→ **WORK INSTRUCTIONS**:
The response should be the records below, repeated exactly, with each picture left out.

--- AVAILABLE DATA Enclosed Below ---

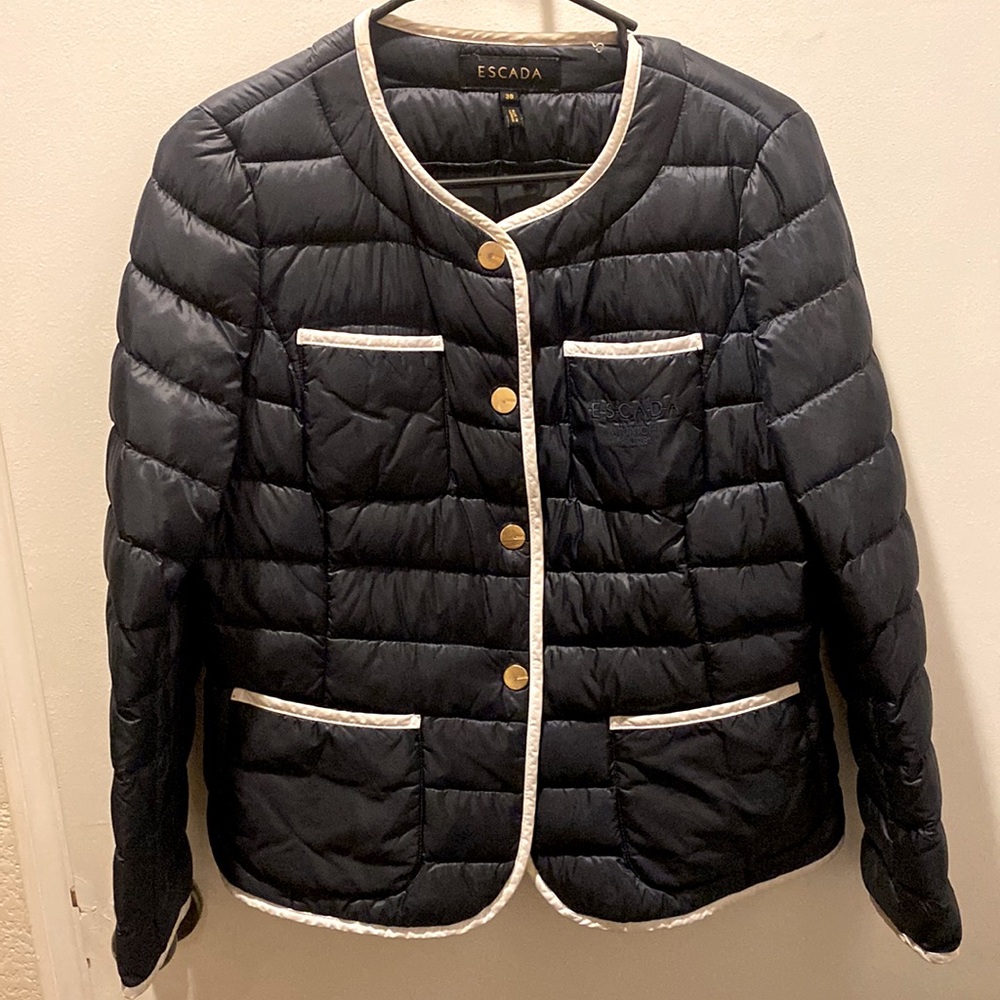 Navy blue Vintage Escada puffer jacket sz 38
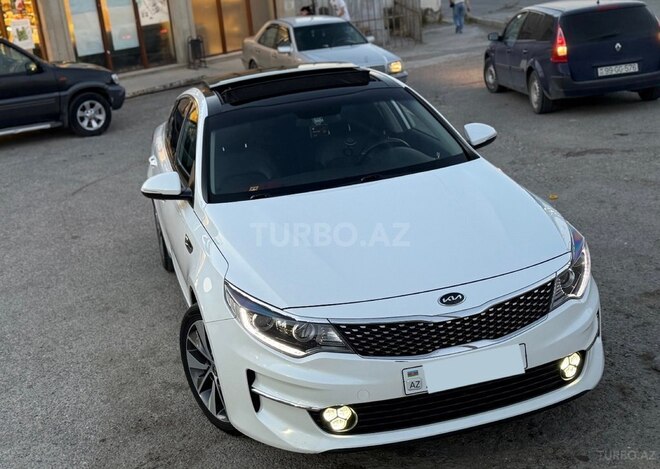 Kia K5-1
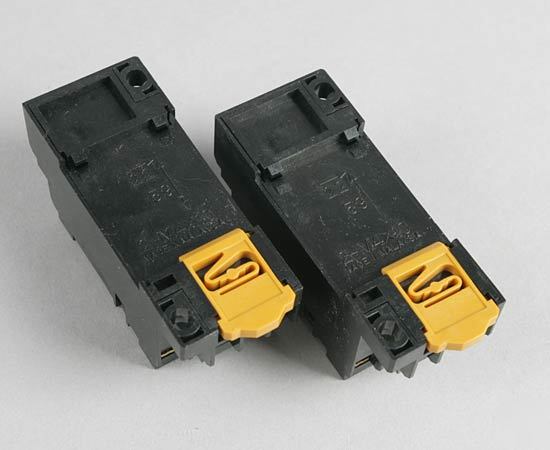 New 2 omron relay mounts, model # PYF14A-e 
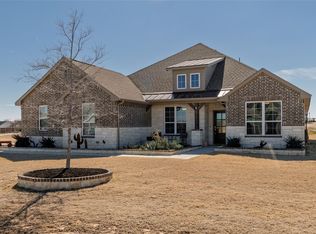 137 Oak Grove Dr, Rhome, TX 76078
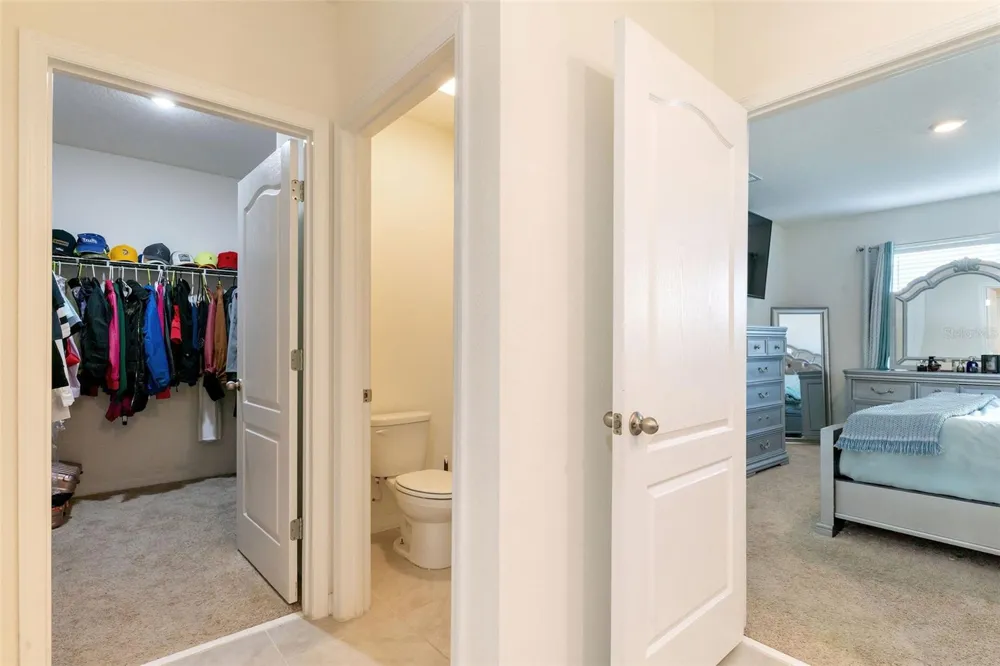 9537 BLACK WALNUT DRIVE Clermont, FL 34715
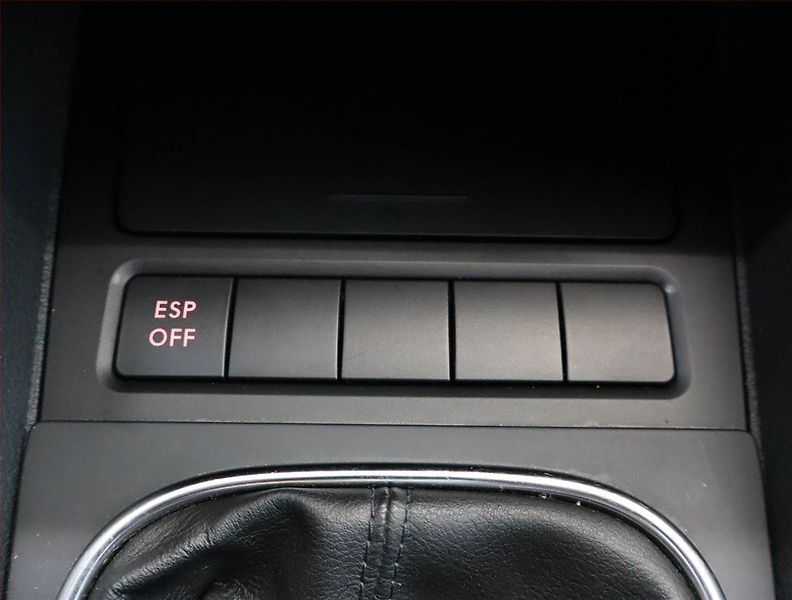 Volkswagen Golf (2009) 1.6 - fotka 16 z 18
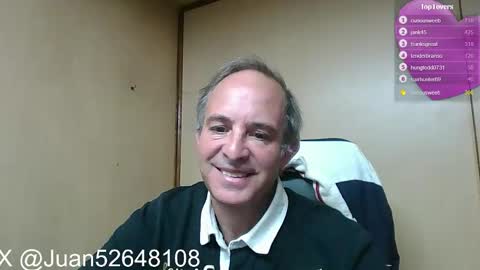 Snapshot of johnq_23 chatting on September 9, 3:55 pm John online show from September 9, 3:55 pm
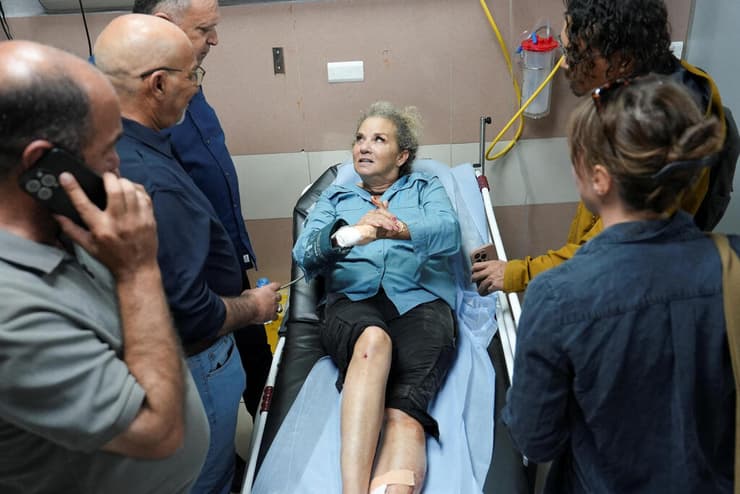 לוין בבית החולים ברמאללה, אתמול (צילום: REUTERS/Ali Sawafta
) היידי לוין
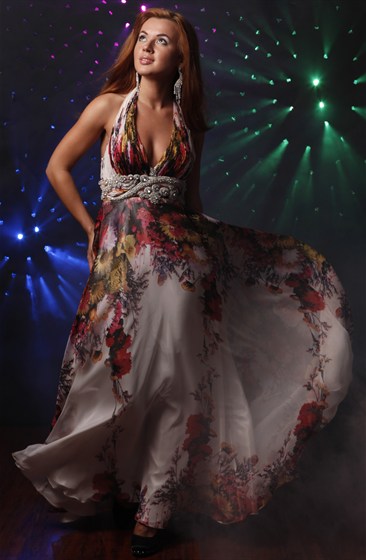 Сара Окс – фото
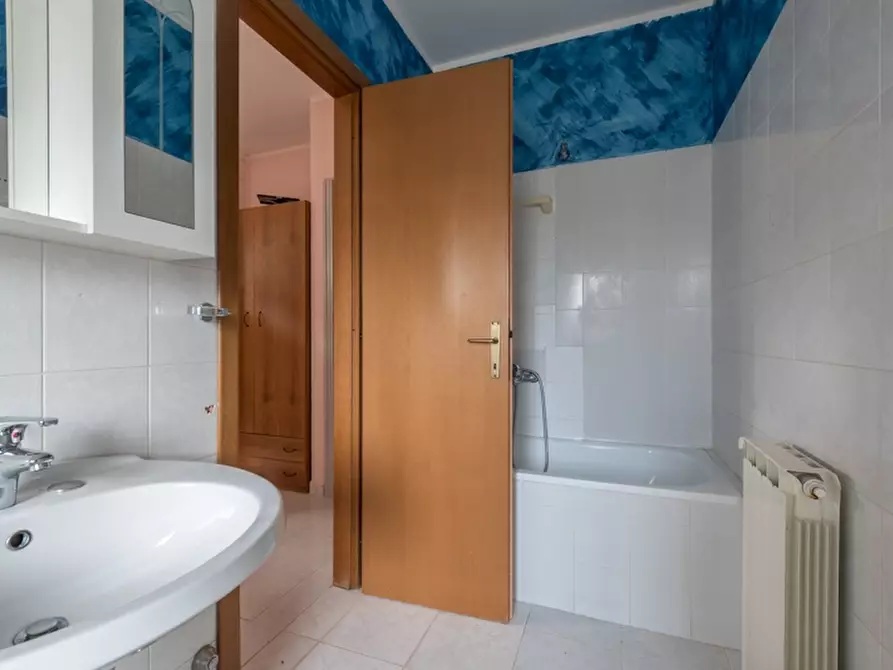 Immagine 36 di Attività commerciale in vendita  in contrada canale a Caramanico Terme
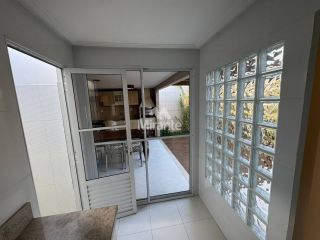 Casa de Condomínio Para Alugar com 2 quartos sendo 1 suíte no bairro Sim em Feira De Santana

--- End of Enclosed AVAILABLE DATA ---

→ **SOLUTION BELOW**:
 Navy blue Vintage Escada puffer jacket sz 38
 Kia K5-1
 New 2 omron relay mounts, model # PYF14A-e 
 137 Oak Grove Dr, Rhome, TX 76078
 9537 BLACK WALNUT DRIVE Clermont, FL 34715
 Volkswagen Golf (2009) 1.6 - fotka 16 z 18
 Snapshot of johnq_23 chatting on September 9, 3:55 pm John online show from September 9, 3:55 pm
 לוין בבית החולים ברמאללה, אתמול (צילום: REUTERS/Ali Sawafta
) היידי לוין
 Сара Окс – фото
 Immagine 36 di Attività commerciale in vendita  in contrada canale a Caramanico Terme
 Casa de Condomínio Para Alugar com 2 quartos sendo 1 suíte no bairro Sim em Feira De Santana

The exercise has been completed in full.